### Data records
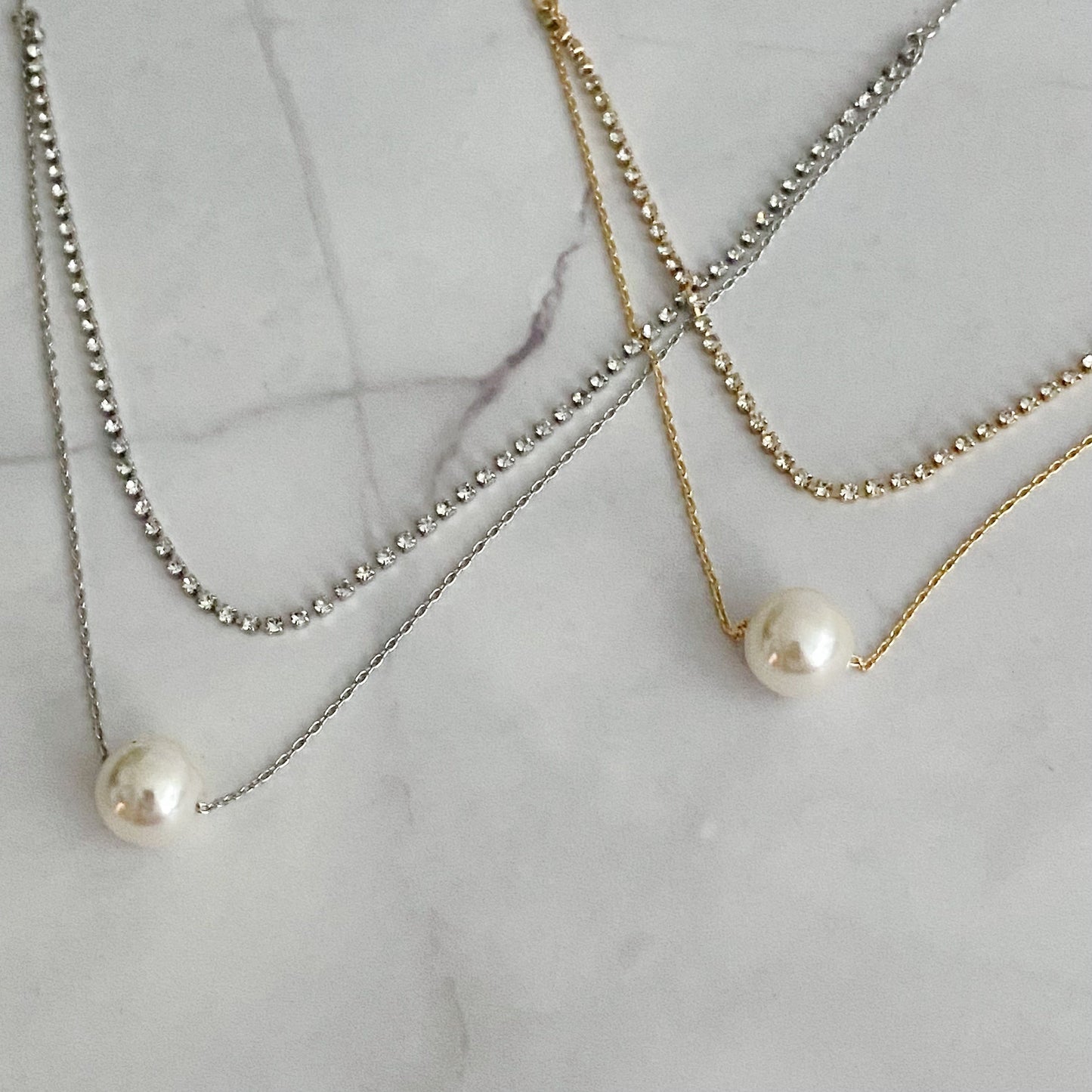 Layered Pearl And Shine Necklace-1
* * *
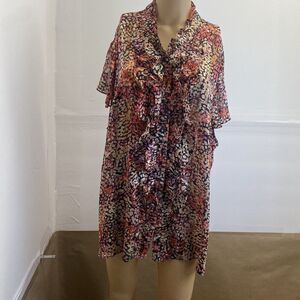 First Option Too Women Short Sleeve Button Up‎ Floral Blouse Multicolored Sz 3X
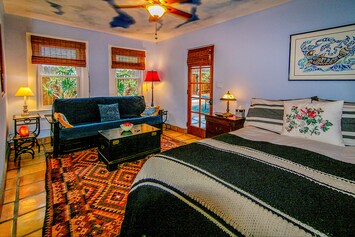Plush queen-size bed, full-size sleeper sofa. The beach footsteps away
--
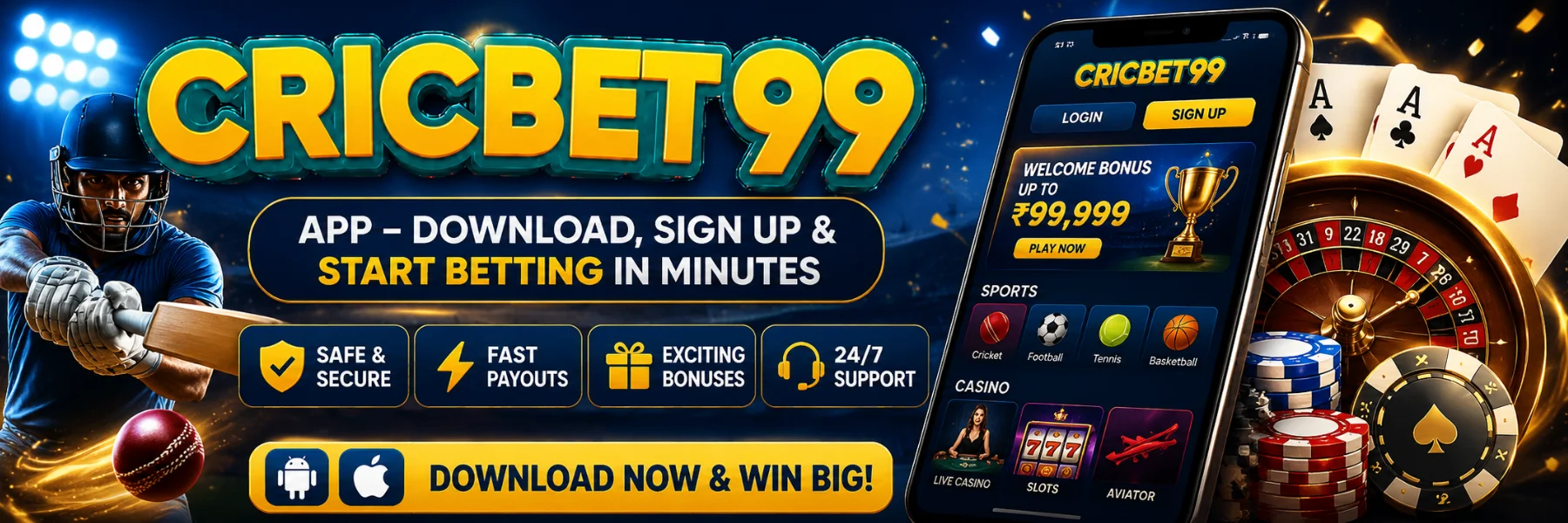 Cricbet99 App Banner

### Exercise brief
In the records above, everything from the line with "First Option Too" down to the line with "Plush queen-size bed, full-size" is to be set down exactly, both ends included, with no pictures and no other lines.

### Response to the task
 First Option Too Women Short Sleeve Button Up‎ Floral Blouse Multicolored Sz 3X
Plush queen-size bed, full-size sleeper sofa. The beach footsteps away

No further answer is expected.